• **Source data**:
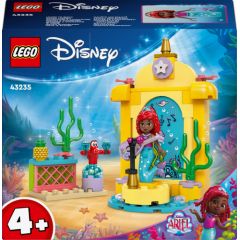 LEGO Disney Scena muzyczna Arielki (43235) Lego Disney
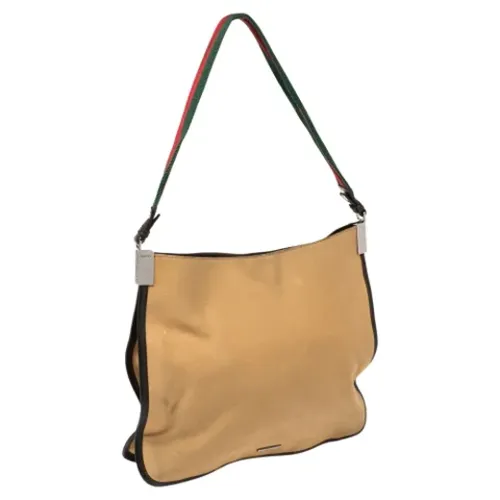 Pre-owned > Pre-owned Bags > Pre-owned Shoulder Bags - - Gucci Vintage - Modalova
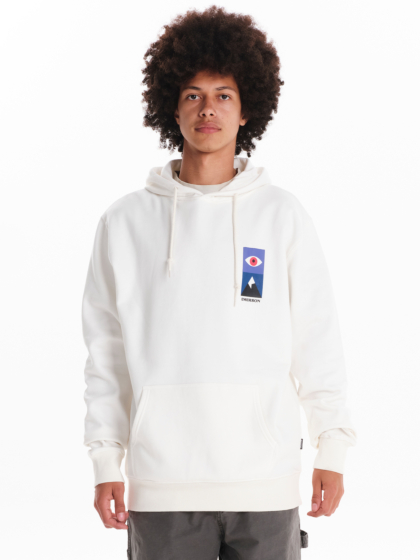 EMERSON MEN’S LOGO PULLOVER HOODIE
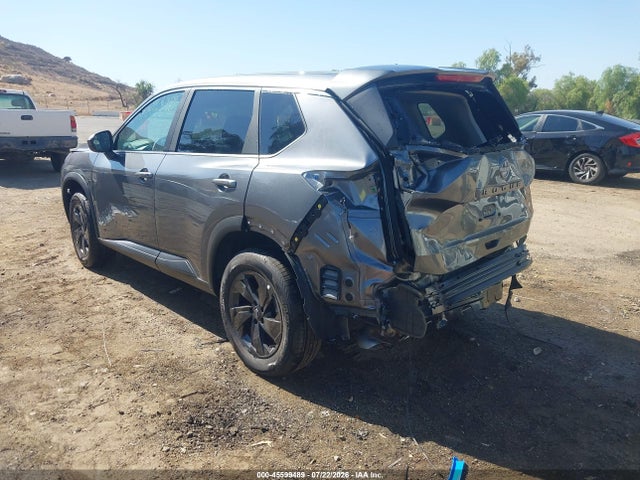 Nissan ROGUE SV 2026 5N1BT3BBXTC781253 Image 3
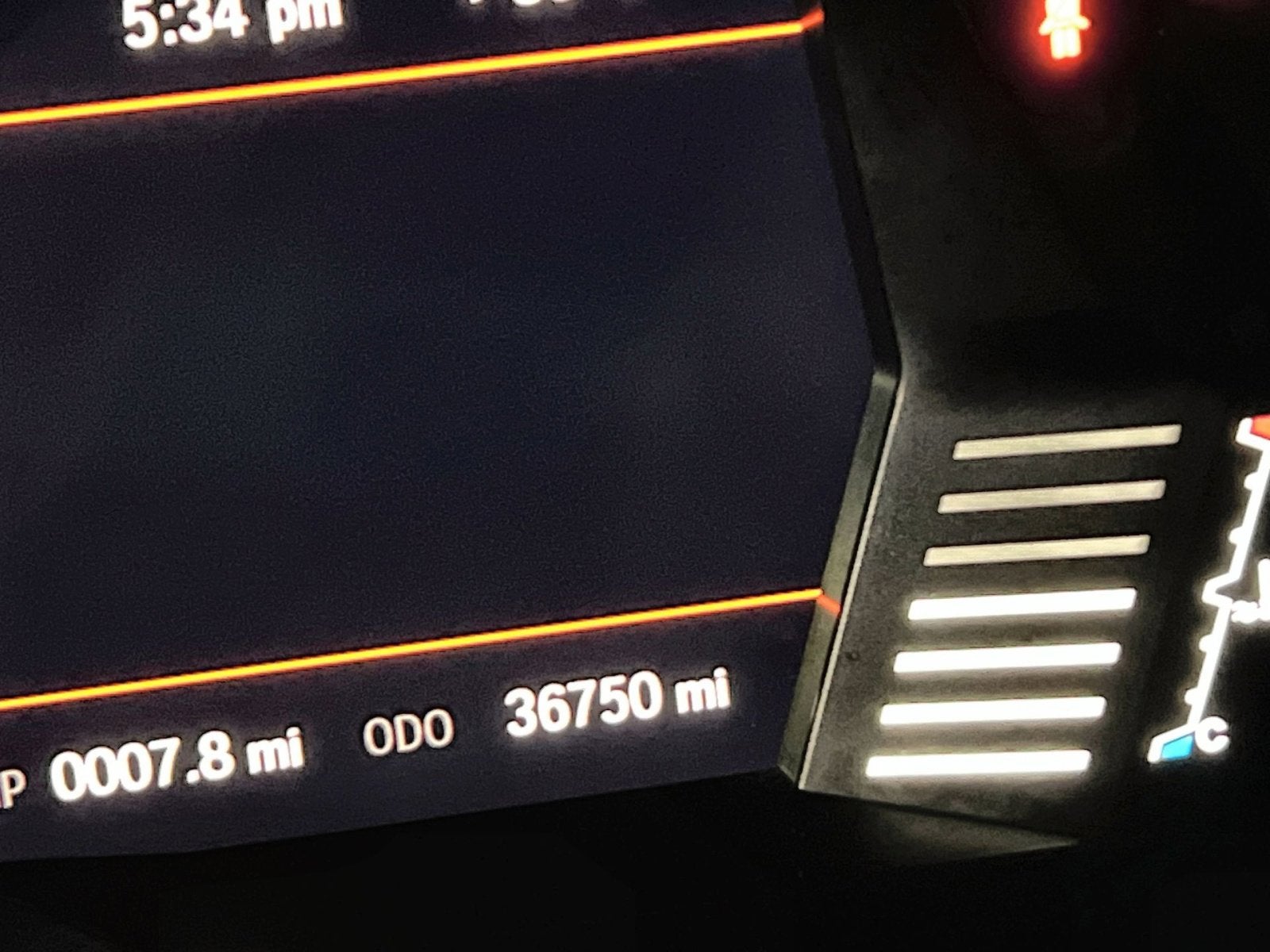 2020 Toyota Supra 3.0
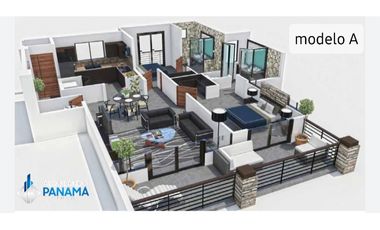KH| Lujosos Apartamentos entrega inmediata. Los molinos, Boquete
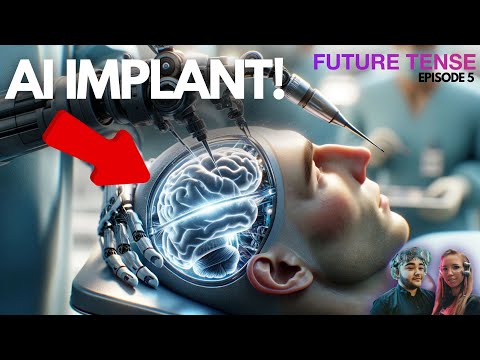 E5 | First Human Brain in History Gets an AI Implant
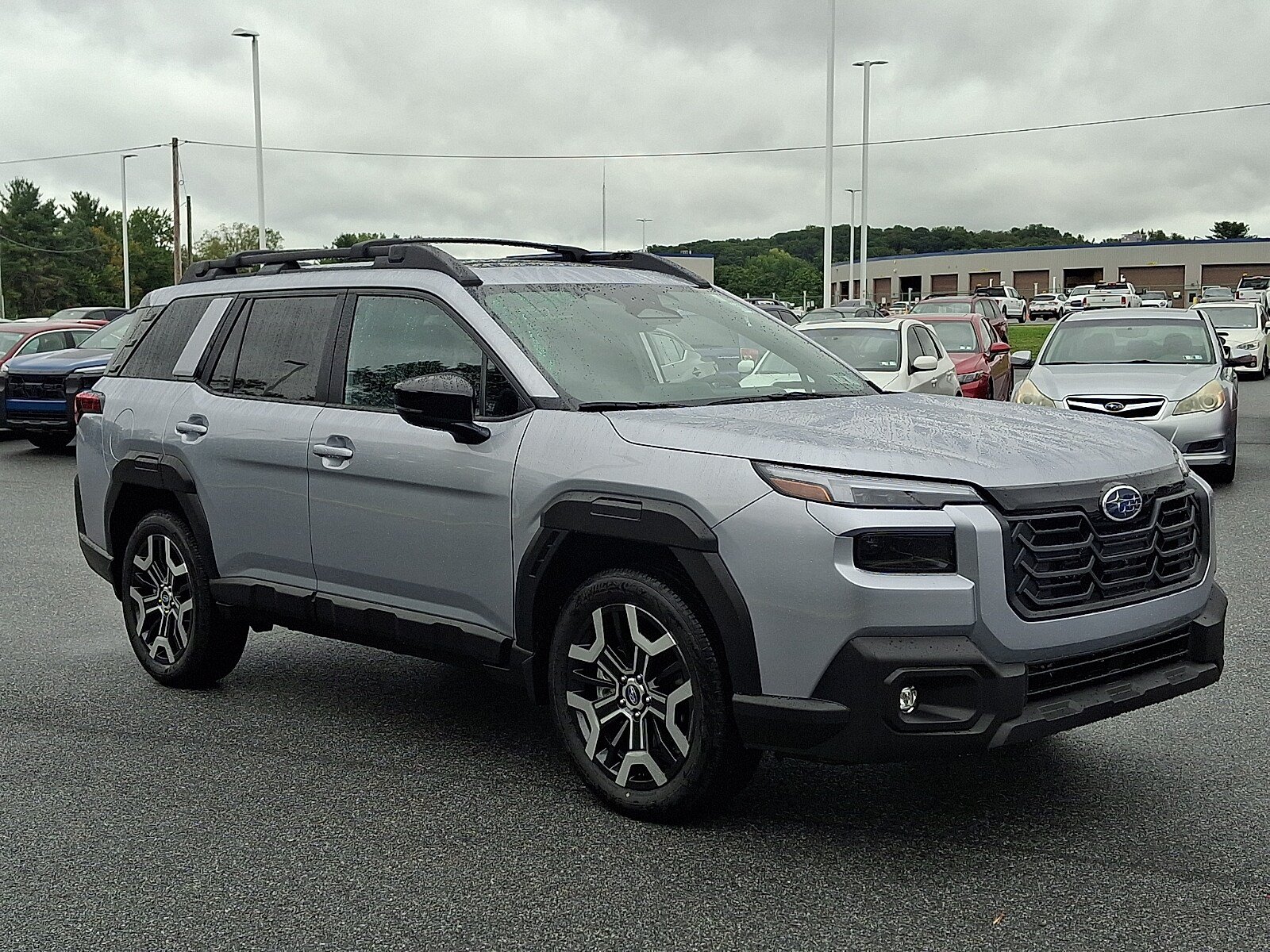 New 2026 Subaru Outback Touring XT AWD/4WD image 2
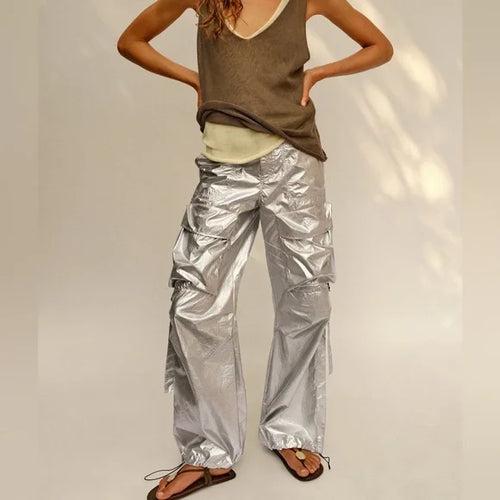 Mia High Street Cargo Pants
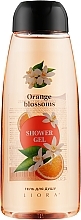 Orange Blossom Shower Gel - Liora Orange Blossoms Shower Gel — photo N7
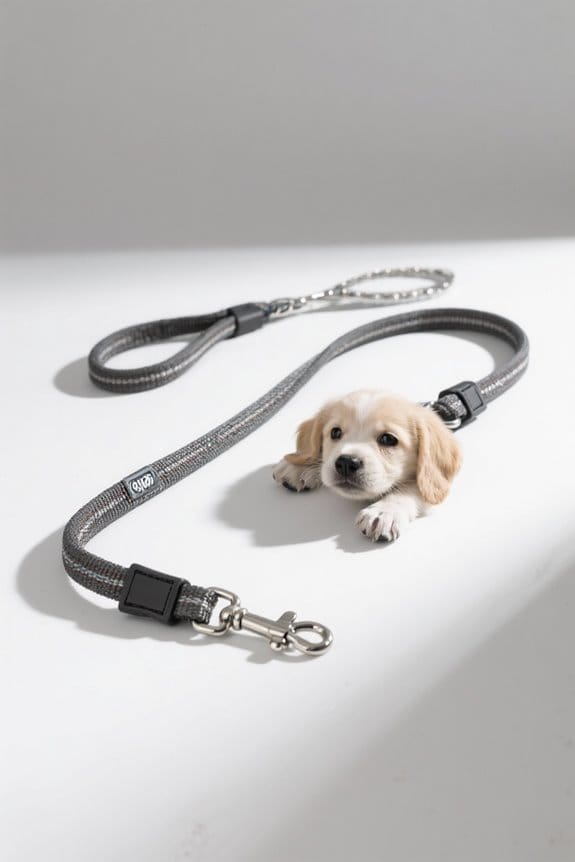 best puppy training leashes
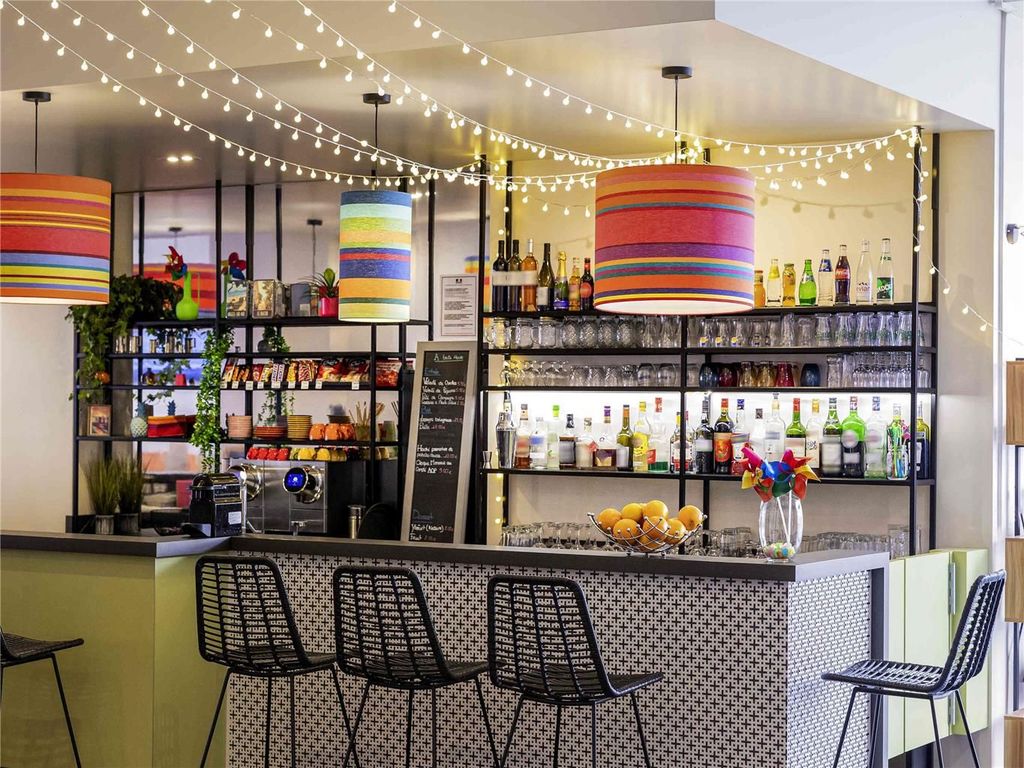 Ibis Styles Perpignan Centre Gare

• **Exercise goal**: Would you reproduce the listing above in full and exactly, without its pictures?

• **Result of this exercise**:
 LEGO Disney Scena muzyczna Arielki (43235) Lego Disney
 Pre-owned > Pre-owned Bags > Pre-owned Shoulder Bags - - Gucci Vintage - Modalova
 EMERSON MEN’S LOGO PULLOVER HOODIE
 Nissan ROGUE SV 2026 5N1BT3BBXTC781253 Image 3
 2020 Toyota Supra 3.0
KH| Lujosos Apartamentos entrega inmediata. Los molinos, Boquete
 E5 | First Human Brain in History Gets an AI Implant
 New 2026 Subaru Outback Touring XT AWD/4WD image 2
 Mia High Street Cargo Pants
 Orange Blossom Shower Gel - Liora Orange Blossoms Shower Gel — photo N7
 best puppy training leashes
 Ibis Styles Perpignan Centre Gare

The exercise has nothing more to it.